Este sábado la troupe de Viajera se presentará en el sexto Festival Cervantino de la ciudad de Azul. El festival se hace del 1 al 11 de noviembre y contará con la presencia de destacadas figuras y numerosas actividades de muchas índoles. Entre ellas está la Feria del Libro, que se realizará del 1 al 11 en la esquina de San Martín y 25 de Mayo, y en la que estarán en venta nuestros libros, por ejemplo Léame.

En ese marco, el sábado 3 a las 4 de la tarde está programada una mesa redonda con varios autores de la editorial, entre los que me encontraré. Será un placer volver a esa ciudad, donde tengo raíces.

El festival se hace porque Azul fue declarada Ciudad Cervantina, junto a Guanajuato y Alcalá. Esto ocurre porque allí se encuentra la colección de Quijotes de Bartolomé Ronco, una de las más grandes del mundo.
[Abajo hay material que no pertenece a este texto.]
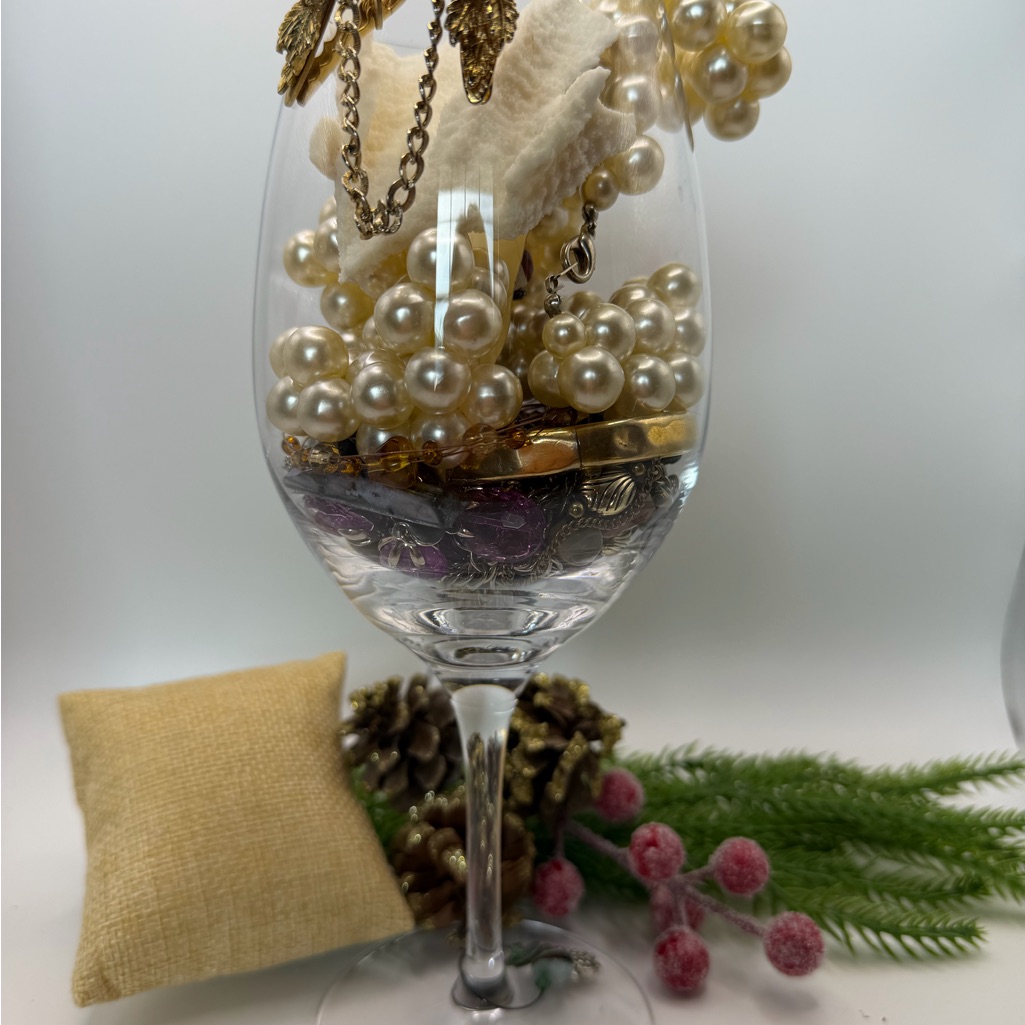Elegant Pearl And Gold Decorative Wine Glass Full Of Jewelry 9” Glass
A partir de que fue declarada Ciudad Cervantina, se realiza el festival, que convoca a mucha gente y se suma a las opciones de turismo cultural de Azul, cuyo patrimonio arquitectónico es muy valorado.

Todo este patrimonio fue prolijamente ignorado en mis numerosas visitas anteriores, que se concentraban en el nada despreciable objetivo de ver familiares. Así que es para mí una oportunidad de ver a Azul desde otra óptica, de volver siendo el mismo pero distinto a una ciudad que también es la misma, pero veré distinta. Y de paso acaparar tarros de dulce de leche LuzAzul para tener al regreso.
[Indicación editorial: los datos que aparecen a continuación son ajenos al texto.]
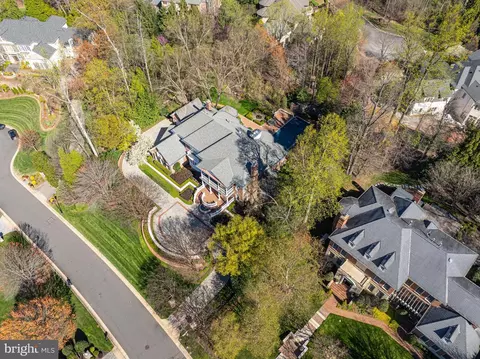 View/Area - 7844 Montvale Way, Mclean, VA 22102 photo 8 of 8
El otro día pasé por la avenida Canning y, como siempre, el cartel decía Scalabrini Ortiz. No sé por qué tengo la idea fija con esa clase de cambios. No me acuerdo una época en la que esa avenida fuera Canning. Pero me gusta saber los nombres anteriores. Cuando un líder gobierna en un país con ciudades constituidas y nombres puestos, si se lo quiere homenajear en algún lugar más o menos céntrico es necesario renombrar alguna calle. Así, el presidente radical Hipólito Yrigoyen ha cedido su nombre a la que antes era Victoria. El fundador de ese partido, Leandro N. Alem, pasó a ser la denominación del que antes era el Paseo de Julio, que a su vez toma el nombre de un mes que se llama así en homenaje a un líder anterior, Julio César. Si se mantuvieran los nombres, esa avenida sería el Paseo de Quintilis.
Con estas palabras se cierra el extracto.